What many value-based approaches fail to fully encapsulate is demand in relation to cost. While your board may be telling you that you should take a quarterback or tight end versus a wideout or a running back at a specific point because his value over the baseline player of his position is greater than anyone else available, what it doesn’t account for is where the cost of the other positional baselines is. 

Over the past decade, the TE12 has been drafted at an average pick of 116.6 overall while the average QB12 has been selected at 93.0 overall. The RB24 has held an ADP of 64.5 overall and the WR36 an ADP of 92.3 (the WR24 at 58.1).

If your baseline player at the position in terms of generating your value system is being selected that much later than the baseline at another position then you are forfeiting part of your edge gained by being forced to take on -and be correct on – players that fall below those value-generated baselines at other positions.  There is the conundrum you will face when drafting a quarterback or tight end — positions where you only start one player — early in drafts, since you will then have to forego selecting a running back or wide receiver with that draft pick and sacrifice some of the supply that meets the demand for your league’s starting requirements. This is also why value-based drafting models tend to produce teams that offer less overall upside, since they are inherently cautious on positional leverage over draft cost.  If you can land a Travis Kelce, then things are gravy. But missing with a selection of George Kittle or Zach Ertz at a high draft cost like last season puts you in an extra bind since you are inherently chasing the running back and wide receiver positions throughout the draft.

I can make more of a good case for early-round tight ends over quarterbacks, but that is the question you will have to ask yourself when looking to take an early-round plunge at those positions since you inherently need more backs and wideouts altogether. 
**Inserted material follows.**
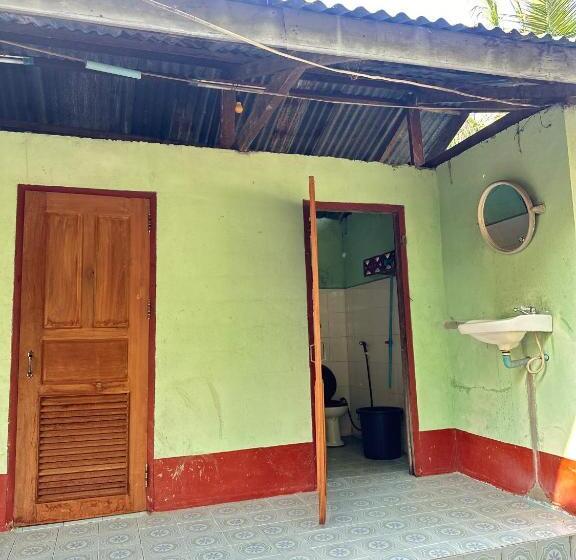 Пансион Happy Bangalow Riverside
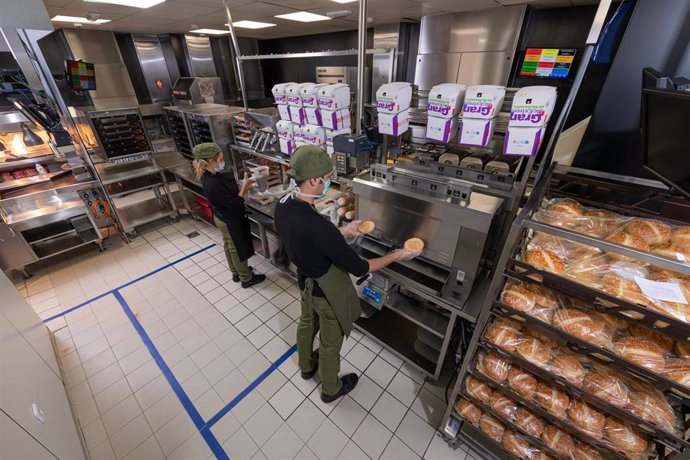 McDonald's comienza a implementar su protocolo 'Entono seguro' en sus más de 500 restaurantes en España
We were running dense here, so as TL;DR…

  • Wide receivers score more points than running backs outside of the very top of the position in any format that rewards receptions.
  • Top running backs provide the highest scoring leverage from a weekly and seasonal perspective out of all of the positions.
  • Wide receiver is the deepest scoring position in relation to matching the production of the top scorers at the position on a seasonal level.
  • Top tight ends provide a positional edge nearly on par with running backs and finding tight ends that stack starting-caliber scoring weeks is the rarest among all positions.
  • Top quarterbacks provide the lowest weekly advantage of all positions.